It wasn't the amount as such... it was the inability to stop myself properly - or rather not listening to my stomach telling me that it was quite full ... still. It's what alcohol does. ... which brings me on to my next point!!

My allowance of '3 glasses' of wine sort of fell through. I had a bit of champagne (since it's a wedding ... ;) ... but only about half a flute). Then the white wine they were selling was absolutely mank - too sweet for me, so I drank a few mouthfuls but left the rest, it was making me feel ill. .... So here's my confession... to 7 single measures of gin. Lol. I confess!

Oh well. I had fun anyway. I'm not beating myself up about it, because it was a celebration at the end of the day. The next morning I woke up feeling good, picked myself up again and noticed that I am still doing just fine. Today I had:

Breakfast: A bowl of fruit (didn't polish it off - left quite a bit in the bowl, just noticed that I naturally stopped when I was satisfied with the portion that I ate... which made me feel happy.) and a low fat yoghurt.

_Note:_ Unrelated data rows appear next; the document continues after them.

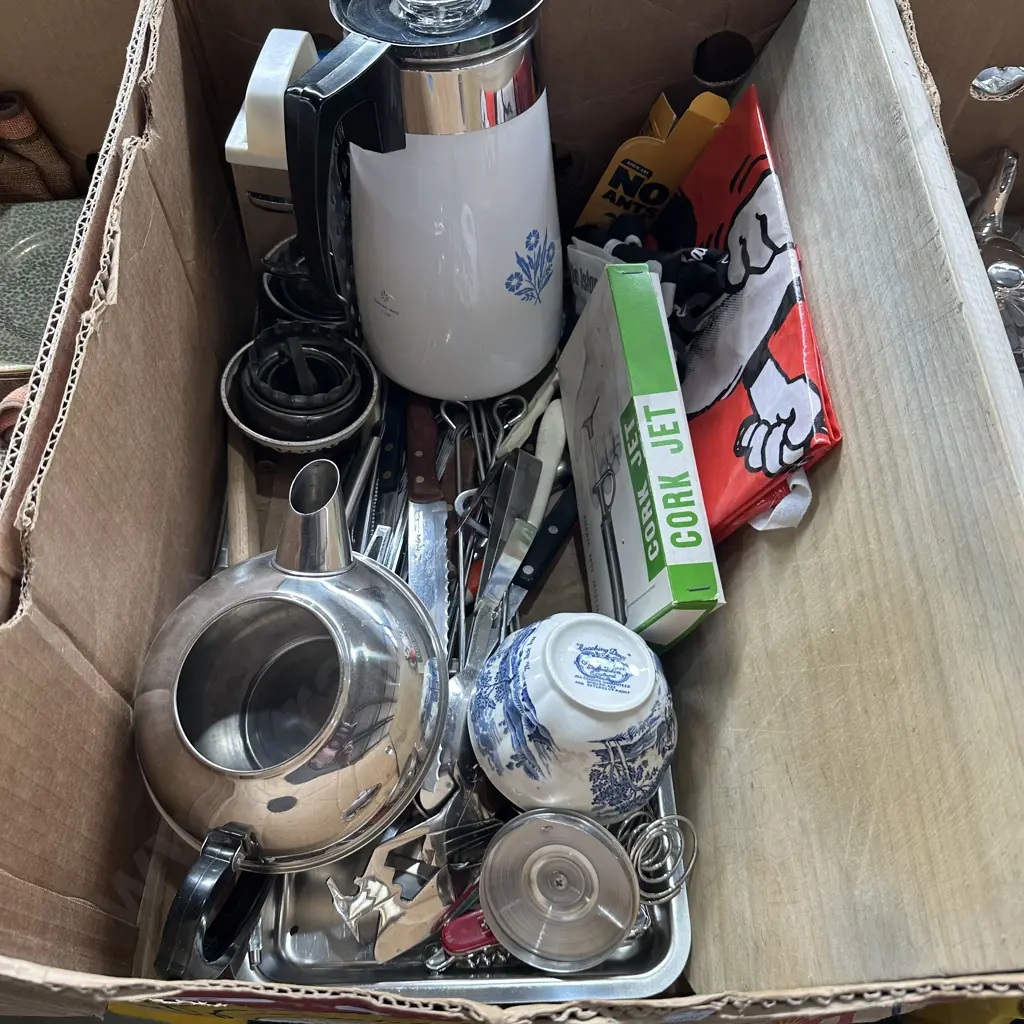 Cutlery and coffee perk etc Image 1++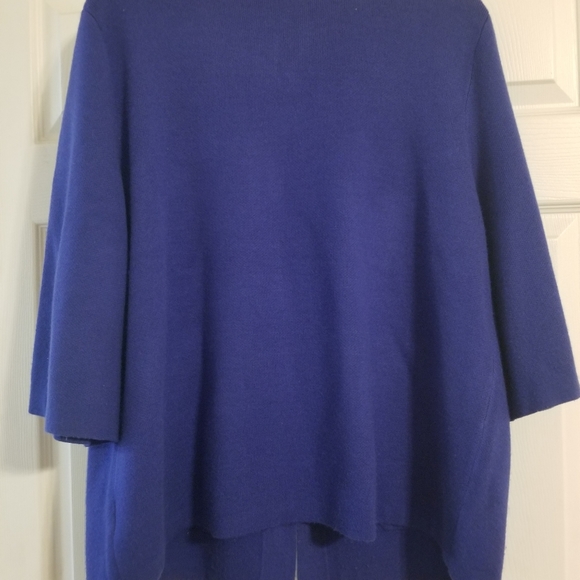 Hampshire Studio Cardigan w/Discounted Shipping - Picture 2 of 3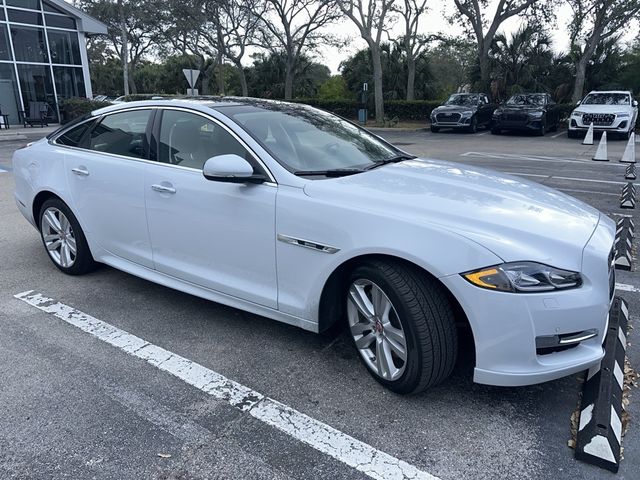 2018 Jaguar XJ XJ R-Sport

Lunch: Adouki Bean Sprouts fried together with some button mushrooms, 1 tomato on some salad, sprinkling of parmesan cheese. (~about 120 calories)

Dinner: 150g lean mince bolognase with lots of cauliflower, a bell pepper, salad. Sprinkle of parmesan because it's tasty. :D

Dessert: LL porridge with frozen raspberries, and 1 tsp dry cranberries & 1 tsp dry blueberries.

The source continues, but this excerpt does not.